═════ Material provided ═════

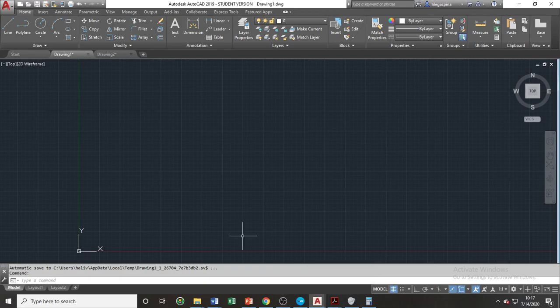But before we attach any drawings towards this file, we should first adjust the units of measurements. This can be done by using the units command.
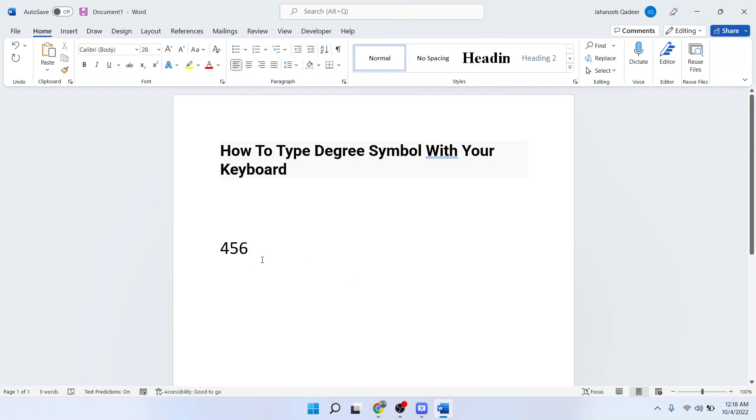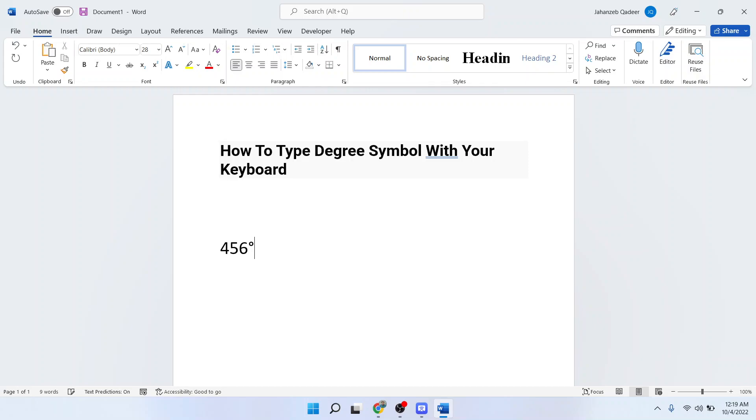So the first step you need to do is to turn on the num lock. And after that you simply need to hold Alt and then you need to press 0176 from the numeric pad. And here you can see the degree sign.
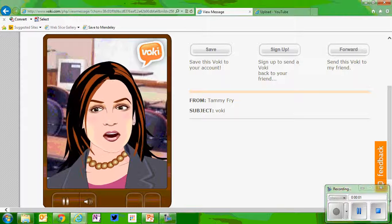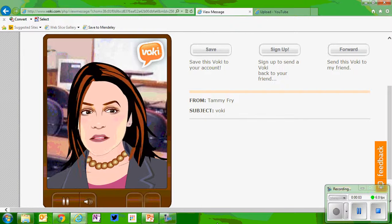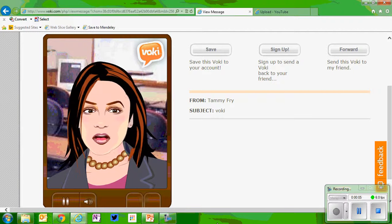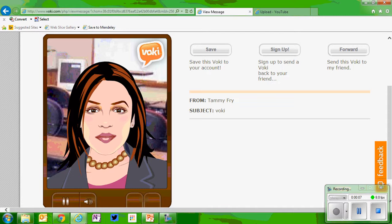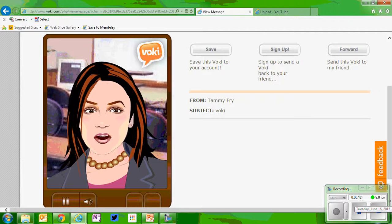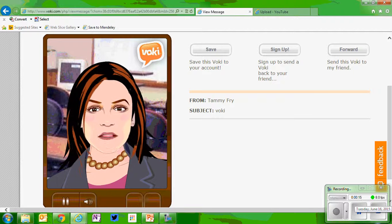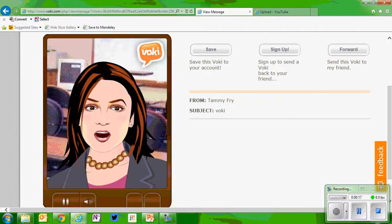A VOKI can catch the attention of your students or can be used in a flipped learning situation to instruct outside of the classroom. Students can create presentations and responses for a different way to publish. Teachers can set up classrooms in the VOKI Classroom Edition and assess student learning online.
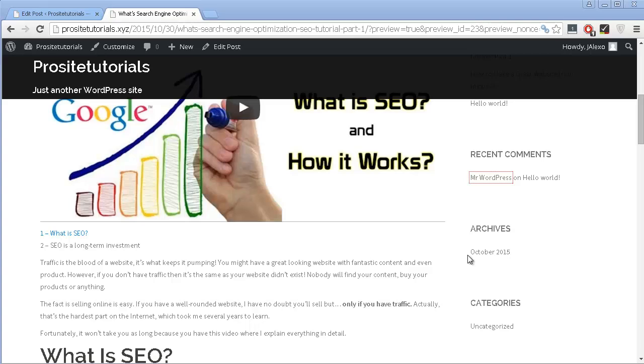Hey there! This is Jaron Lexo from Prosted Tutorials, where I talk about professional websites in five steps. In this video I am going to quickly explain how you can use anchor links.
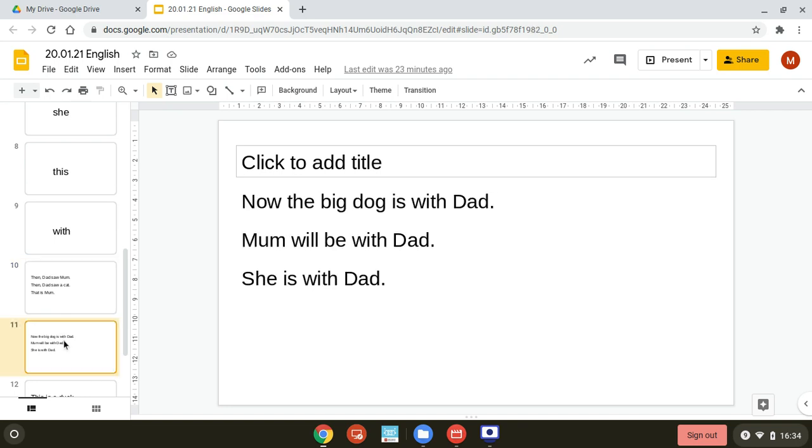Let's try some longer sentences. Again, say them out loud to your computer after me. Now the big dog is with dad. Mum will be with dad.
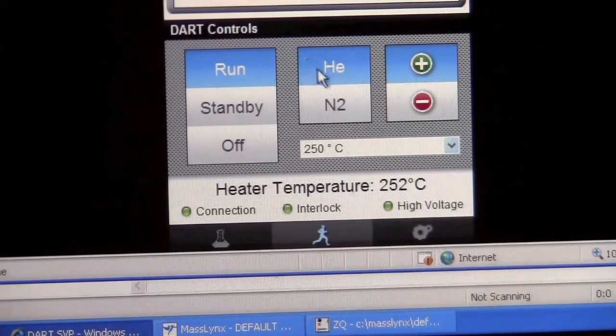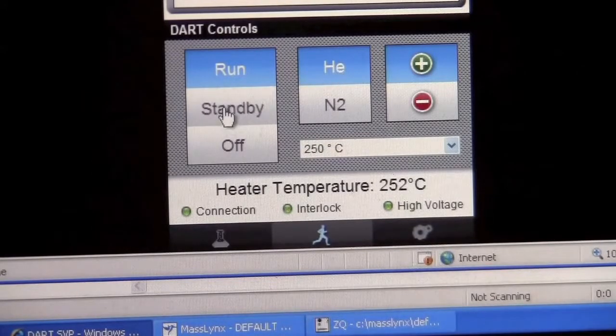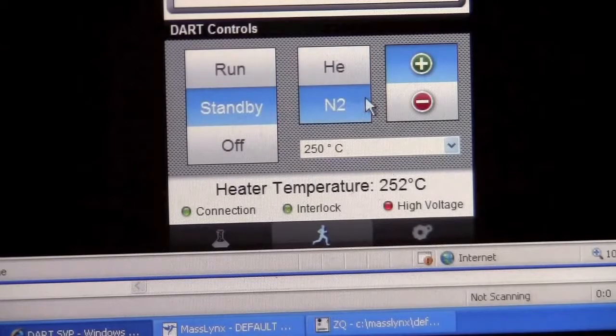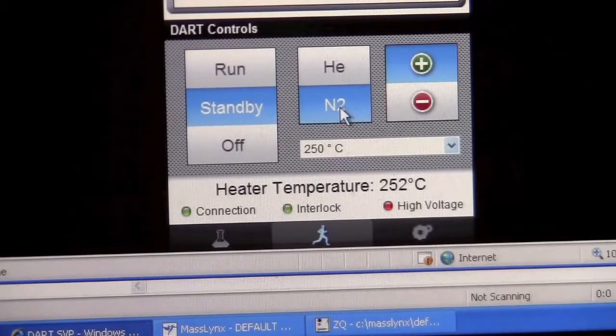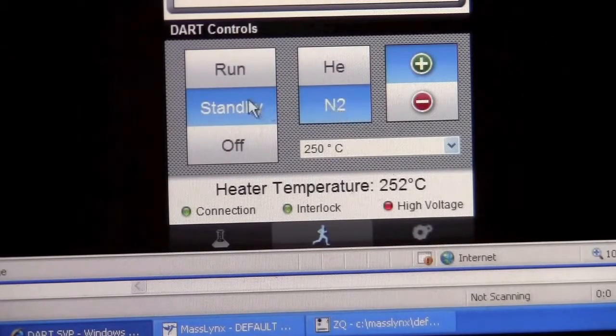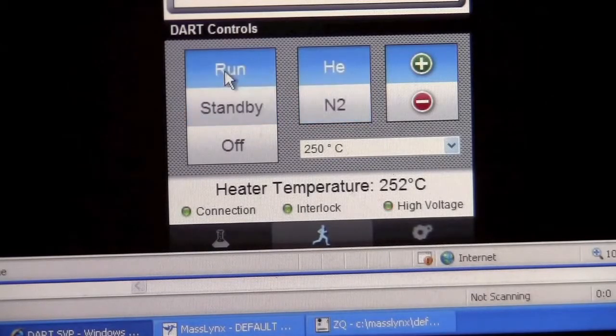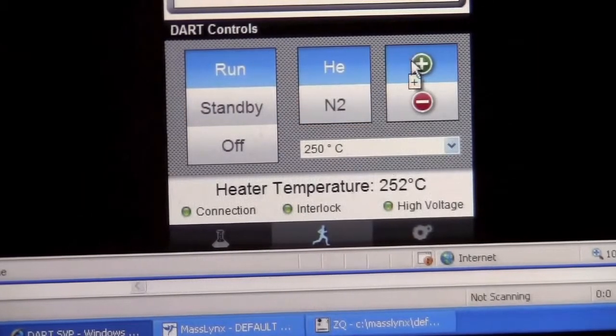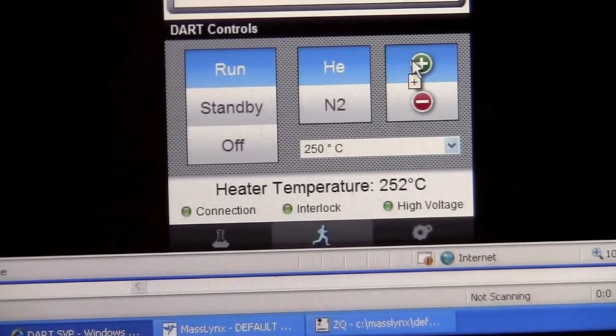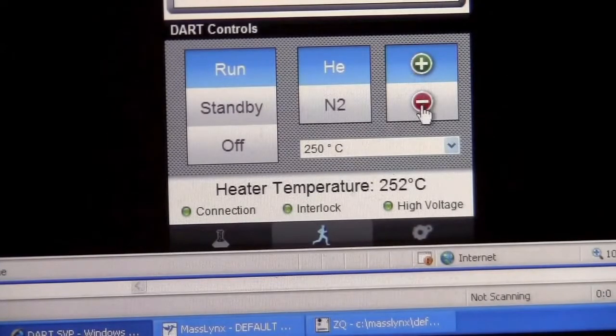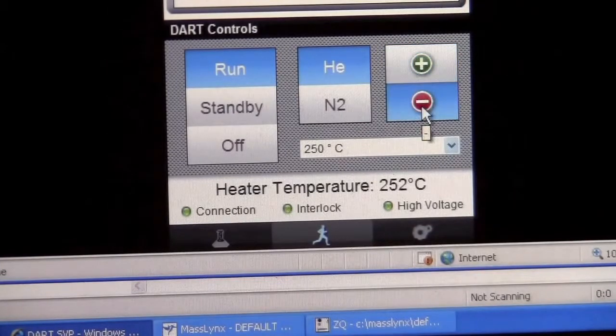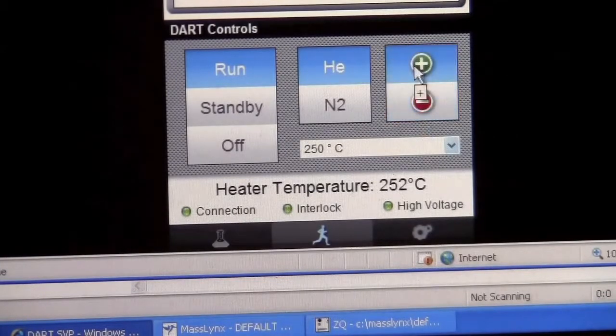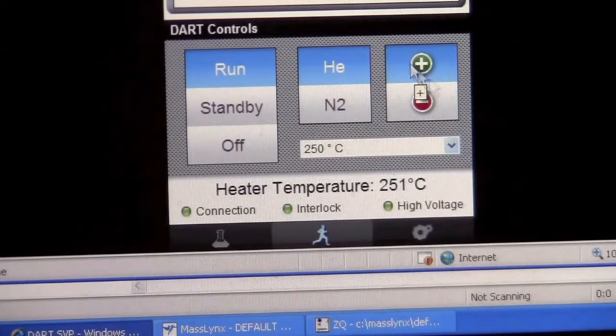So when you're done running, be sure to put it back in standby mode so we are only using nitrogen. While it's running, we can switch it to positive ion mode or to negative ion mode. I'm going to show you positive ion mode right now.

═════

What you have to do: Give again, exactly as written above, each line from the one that has "So the first" to the one that has "Hey there! This", both included; omit the pictures.

Output below:
So the first step you need to do is to turn on the num lock. And after that you simply need to hold Alt and then you need to press 0176 from the numeric pad. And here you can see the degree sign.
A VOKI can catch the attention of your students or can be used in a flipped learning situation to instruct outside of the classroom. Students can create presentations and responses for a different way to publish. Teachers can set up classrooms in the VOKI Classroom Edition and assess student learning online.
Hey there! This is Jaron Lexo from Prosted Tutorials, where I talk about professional websites in five steps. In this video I am going to quickly explain how you can use anchor links.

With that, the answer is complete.